As I have extensively covered in the past months the majority of the unprecedented demand for gold from China, which started in January 2013, was being supplied by the UK, home of the London bullion market and many bullion bank (and private) gold vaults. Via Switzerland, where the gold was remelted into kilobars, it was shipped towards Hong Kong where most of it was re-exported to China mainland. Whilst in 2013 it was clear that the world’s largest gold-backed ETF, GLD, was the predominant supplier from the UK, since January 2014 GLD inventory has more or less stabilized.
But UK gold export at the time remained elevated. In January 2014 the UK net exported 143 metric tonnes of gold (118 tonnes net to Switzerland), in February net export accounted for 107 tonnes (119 net to Switzerland). This gold must have been fully supplied from other vaults than GLD’s, which raises the question; how much floating supply is there left in London. I believe there is still a lot of physical gold in London (I will do a future post on some estimates), but I don’t know how much of this is floating supply.
Let’s head over to the east and see how much physical gold China has imported year to date, based on official trading statistics. If we look at the trade stats from Hong Kong we can see net export to the mainland in January was 89.7 tonnes, in February it was 112.3 tonnes and in March 85.1 tonnes. The amount that crossed the border in March was down 24 % from February, but still strong – 85.1 tonnes annualized is 1021.2 tonnes. The total in Q1 accounted for 287 tonnes, annualized 1148 tonnes (just to give you an idea).

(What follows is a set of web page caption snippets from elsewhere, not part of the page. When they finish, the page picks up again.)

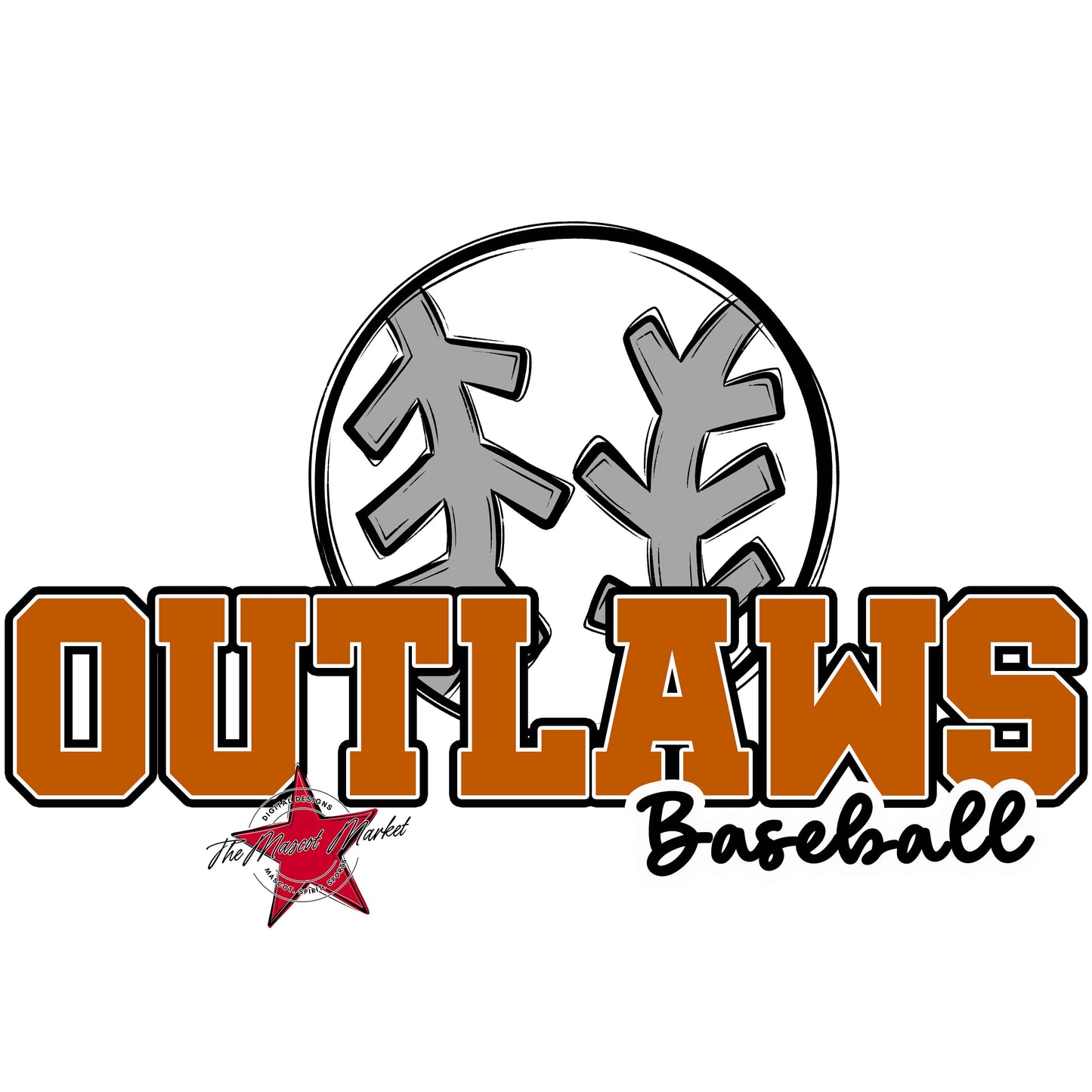 Outlaws Varsity Baseball-Burnt Orange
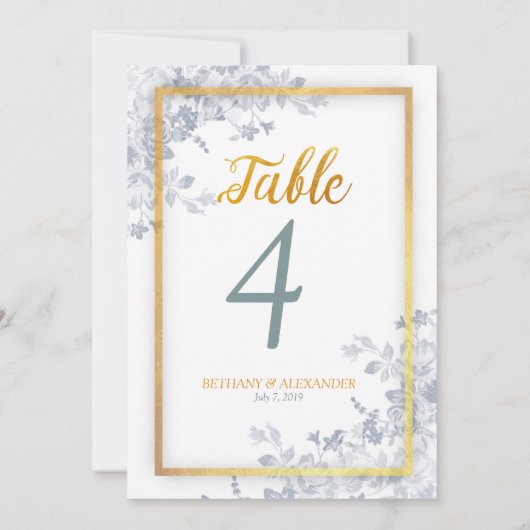 Glam Bloemen Gouden Lijst Calligraphy Tafelnummer (Achterkant)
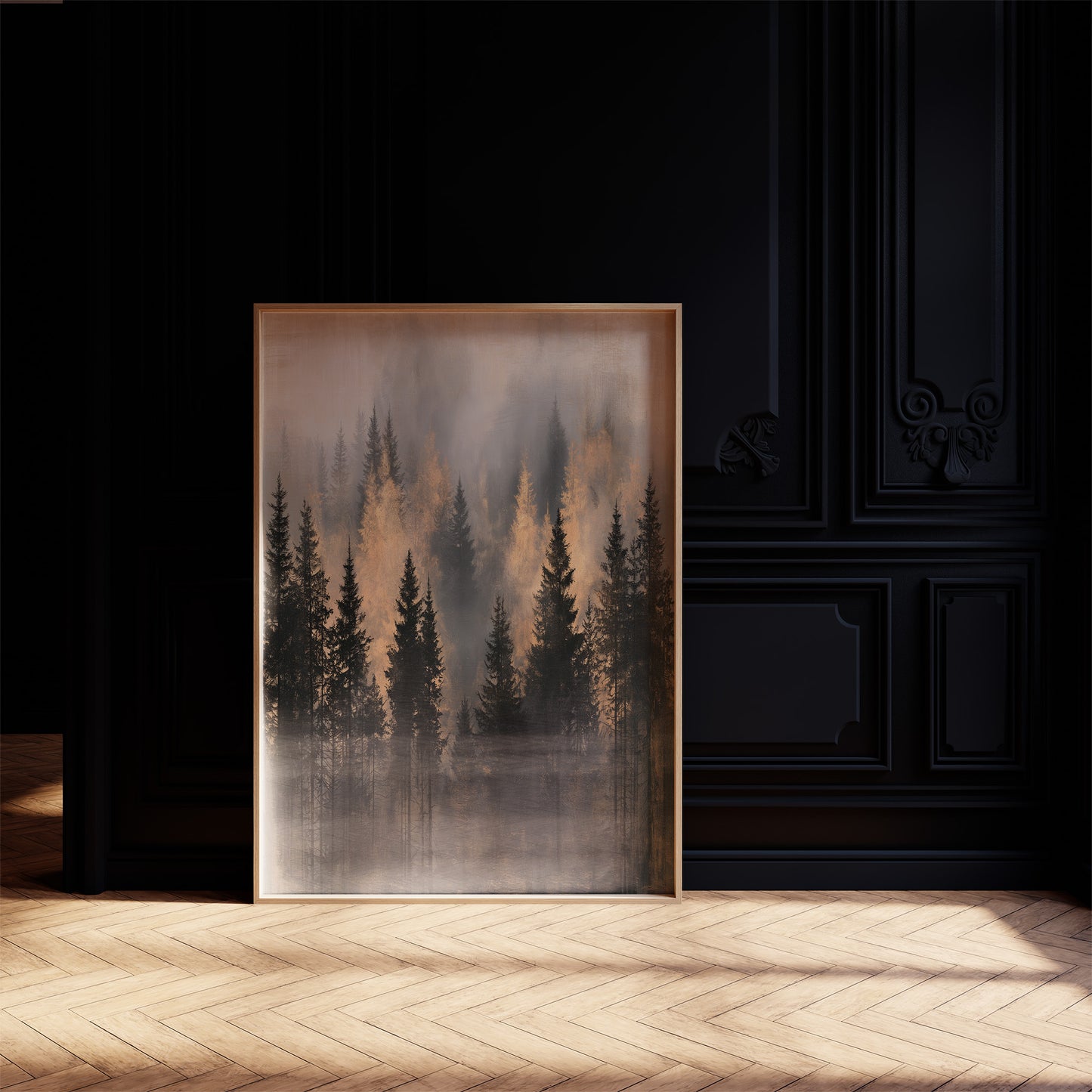 Pines Rising Through Amber Mist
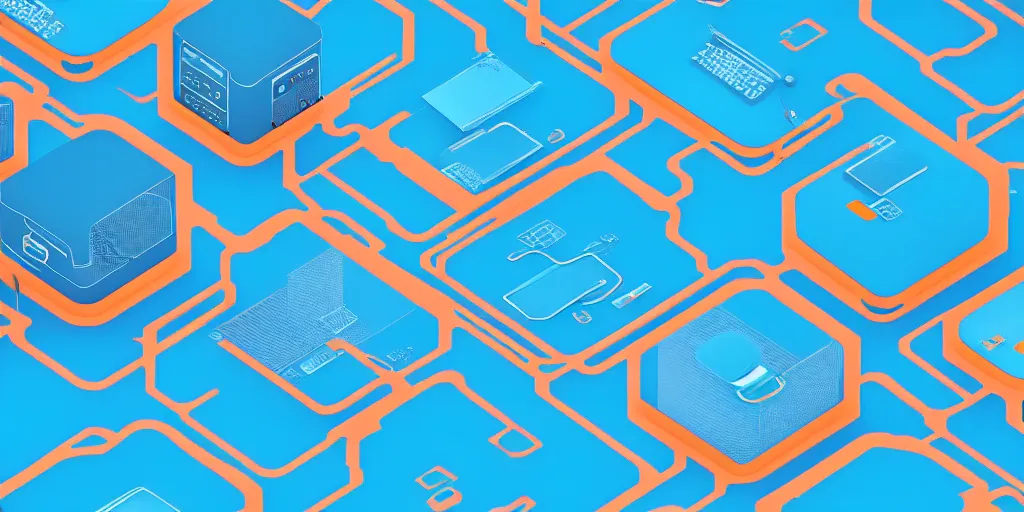 Prompt: Several detailed computers connected to a cloud, network pattern at the background. Minimalistic design, contemporary design, Abstract Design. Blue, cyan and orange palette. Vivid, 8K, Epic, Masterpiece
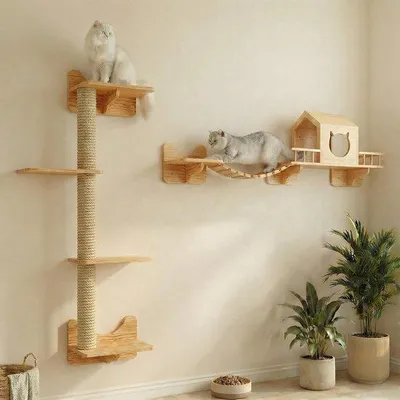 Productafbeelding van Kat Klimgordijn Set, Muurgemonteerde Kattenmeubels, Kattenwandrek met 1 Kattenhuis, 1 Brugladder, 3 Krabpalen en 5 Treden voor Speelse K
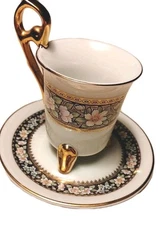 Lefton China 90's Pastel Color Flowers W/ Gold Rim Footed Cup & Saucer Set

As we all know by now Hong Kong is not the only port through which China is importing gold. Though the Chinese are reluctant to disclose their gold trade numbers – guess why that is – from the trade statistics of other countries we can see a portion of how much gold officially vanishes in the black hole (China’s strong hands) not to return in the foreseeable future. Switzerland, where 70 % of the world’s gold refining capacity is located among four refineries, has been so kind to publish monthly reports on whom they trade gold with, and how much, since January 2014. The Swiss net exported 12 tonnes to China in January, 36.9 tonnes in February and 26 tonnes in March. If we add up Hong Kong and Switzerland net export to China in Q1 the outcome is 362 tonnes, annualized 1448 tonnes (just to give you an idea). Remember, this is only from two countries, it doesn’t include the kilobar shippings from the Perth Mint to China for example. Chinese gold import in Q1 has definitely been more than 362 tonnes – also because the official trade numbers I’ve used for this post do not include monetary gold, PBOC purchases will not show up in these stats.
It’s remarkable that Chinese net import in March, at least 111.1 tonnes (85.1 + 26), hasn’t been sourced from London, as it has been in the past year. UK total net gold export in March collapsed 85 % m/m from 107 tonnes in February to 16 tonnes in March, net export to Switzerland fell by 72 % from 119 in February to 34 tonnes inMarch.
The main gold vein, as I’ve called it, that ran from the UK, through Switzerland, through Hong Kong finally reaching the mainland, is drying up. Switzerland net gold export to Hong Kong fell 76 % from 97.9 tonnes in February to 23.9 tonnes in March, according to Swiss customs.
In the coming months I’ll be watching very closely if any more gold will be squeezed out of London and how Swiss exports to Hong Kong and the mainland will evolve. I believe the largest floating supply is/was in London, it will be decisive for the gold market if these stocks are gone. Additionally I will search more customs databases to get hard numbers on gold export to China mainland.
The following video was broadcasted in December 2013. Kenneth Hoffman states that the London gold vaults were virtually empty at the time. Are the last bars being moved out at this very moment? The managing director of Switzerland’s biggest gold refinery stated this is exactly what is happening.
Because net export from Hong Kong to the mainland in March didn’t collapse, but Swiss export to Hong Kong did, two things could have happened. Or Hong Kong, which has net imported 924.6 tonnes of gold since 2010, shared a little of its yellow metal to supply the mainland, or other countries than Switzerland increased their export to Hong Kong. To find out I made a chart combining Hong Kong net import with Hong Kong’s main trading partners.
From looking at the chart I think this is what happened; during Q1 Hong Kong net import dropped (Switzerland and UK imports down, Australia and the US quite stable in March), which means a bigger share of what they imported was sent forward to the mainland supplemented by inventory build up in Hong Kong over the past years.
From stats of the Shanghai Gold Exchange I know Chinese wholesale demand came down after Q1 without premiums going up. This suggest there hasn’t been a supply shortage in the mainland in April. However, even China’s non-government demand pace in April combined with demand from the PBOC, India, Russia and the rest of the world can transcend global mining and scrap supply, pressuring the floating supply. Let alone if Chinese demand will spring back, which is quite likely to happen at these prices and given the fact the Chinese government is officially stimulating its people to buy gold.
Additional charts: Hong Kong net import in Q1 accounted for 193 metric tonnes.
Chinese net import from Hong Kong in Q1 accounted for 287 metric tonnes.